03 jan, 2022 - 12:37 • Ângela Roque
Os cristãos da Etópia seguem o calendário ortodoxo, por isso o Natal vai ser celebrado apenas na próxima sexta-feira, 7 de janeiro. Antigo provincial dos Combonianos em Portugal, José Vieira regressou há dois meses àquele país africano, 21 anos depois de já lá ter estado em missão. Em entrevista à Renascença conta que está ainda numa fase de adaptação – da alimentação à altitude, passando pela língua.
Como jornalista José Vieira foi um dos fundadores da rede de rádios católicas quando esteve no Sudão, mas na Etiópia vai trabalhar na “pastoral direta” com as pessoas, nas comunidades que os combonianos assistem. Diz que gostou de encontrar o país mais desenvolvido, mas no último ano o conflito que opõe os rebeldes ao governo já causou milhares de mortos, e há uma desconfiança crescente em relação aos ocidentais.
Está de regresso à Etiópia, onde já tinha estado em missão, há 21 anos. Como é que está a ser este regresso?
Cheguei à Etiópia há dois meses, por isso ainda me encontro na fase de adaptação. É uma nova rotina: aqui a vida começa às 6 horas da manhã, com o nascer do dia; a alimentação é diferente, somos mais vegetarianos do que aí; como a missão onde vivo fica a 2.300 metros de altitude, o organismo tem de se habituar a um ar mais rarefeito. Depois, como estive fora 21 anos, perdi a fluência na língua, e tenho que a retomar para poder trabalhar.
Como tenho ainda dificuldades de comunicação estou a simplificar o meu discurso, as ideias e a estrutura das frases. Faz parte deste processo de esvaziamento que a missão também nos pede quando chegamos a uma nova realidade, temos de descalçar as sandálias, aprender a viver de novo, com novos parâmetros e ritmos mais lentos.
Está a ser um tempo interessante, de descoberta, porque muitas pessoas que deixei para trás há 21 anos ainda se lembram de mim, e é sempre uma alegria encontrarmo-nos e vermos como a vida vai.
Os primeiros meses são sempre de adaptação, faz parte da vida missionária, e é com alegria que vivo esta experiência de começar de novo. Depois de tanto tempo no jornalismo e em trabalhos de liderança, aí em Portugal, volto a uma vida mais simples.
Encontrou um país muito diferente do que aquele que conheceu?
É verdade que me encontro num país muito diferente. Em 21 anos a Etiópia cresceu imenso, desde logo em termos de população, passou de 70 milhões de habitantes para mais de 110 milhões.
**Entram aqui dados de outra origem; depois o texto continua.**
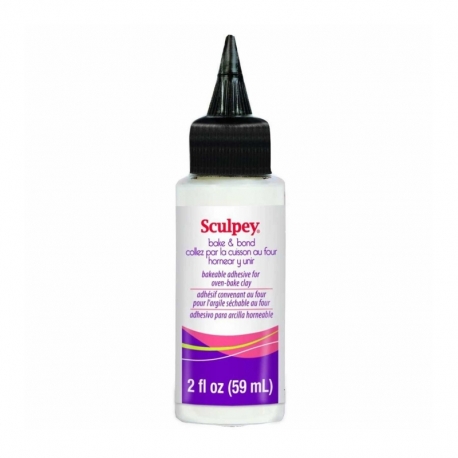 Sculpey Adhesive - Bake N Bond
Em termos de desenvolvimento, hoje há estradas por todo o lado, a eletricidade chega onde antes não chegava, as redes móveis estão presentes em todo o lado, com sinal mais forte ou mais fraco, às vezes com possibilidade de navegar na internet, outras não.
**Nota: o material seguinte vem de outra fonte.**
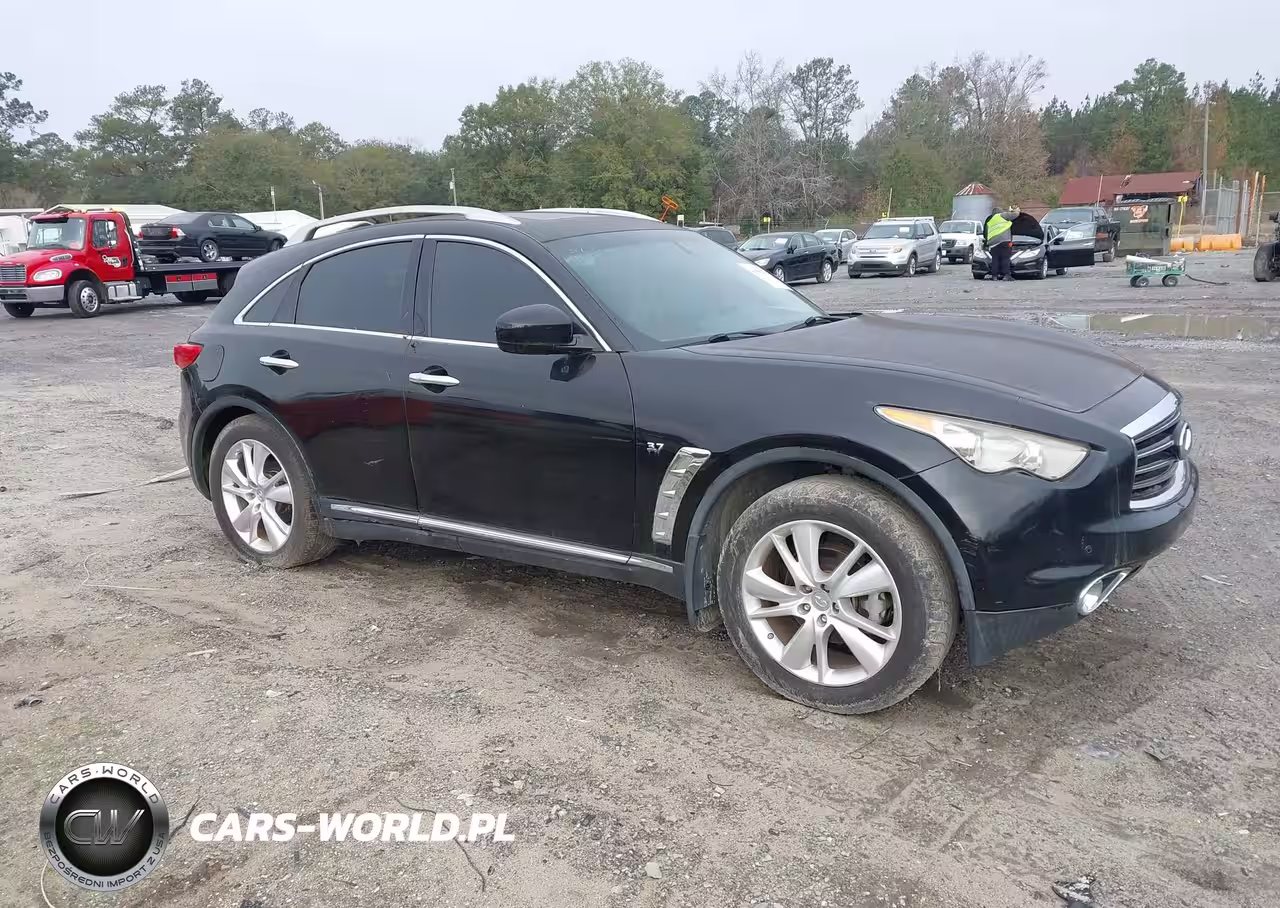 2014 Infiniti Qx70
Eu visitei a Etiópia umas três vezes nestas duas décadas - em 2005 passei cá 15 dias, e quando vivia no Sudão do Sul vim uma vez fazer um retiro e noutra uma semana de férias. Mas, sobretudo nos últimos 10 anos a mudança foi exponencial.
Adis Abeba, a capital, é uma cidade moderna, com metro de superfície, avenidas largas, vias duplas, uma circunvalação que distribui o tráfego ao longo da cidade. Esse desenvolvimento chega a outras cidade, como a de Hawassa, que é a cidade onde vive o bispo da diocese onde trabalho, e que também cresceu imenso: de 40 mil habitantes terá agora 500 mil.
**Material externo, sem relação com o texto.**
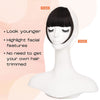 SEIKEA Clip in Bangs for Women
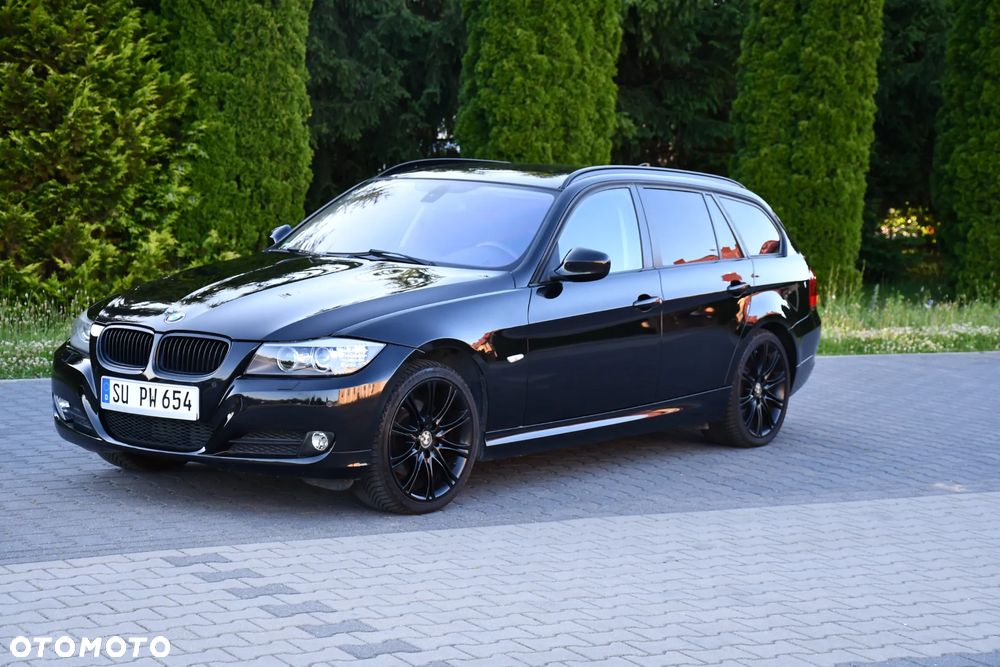 BMW Seria 3 318d - 3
A nível local notei um desenvolvimento cultural e económico muito forte: os gujis, com quem trabalho, eram um povo que se dedicava sobretudo à criação de gado, e olhava para o trabalho agrícola como um trabalho de escravos... só para terem ideia, uma vez estava a cavar entre a nossa casa e o caminho público, tínhamos uma horta onde eu cultivava algumas coisas, e um ancião viu e começou a gritar comigo, a dizer que eu estava a estragar a minha reputação, porque era um homem grande e estava a fazer trabalho de escravos. O que vejo agora é que a maior parte dos gujis, embora continuem a cuidar do gado, a ter vacas, burros, cavalos, cabras e ovelhas, também já se dedicam à agricultura.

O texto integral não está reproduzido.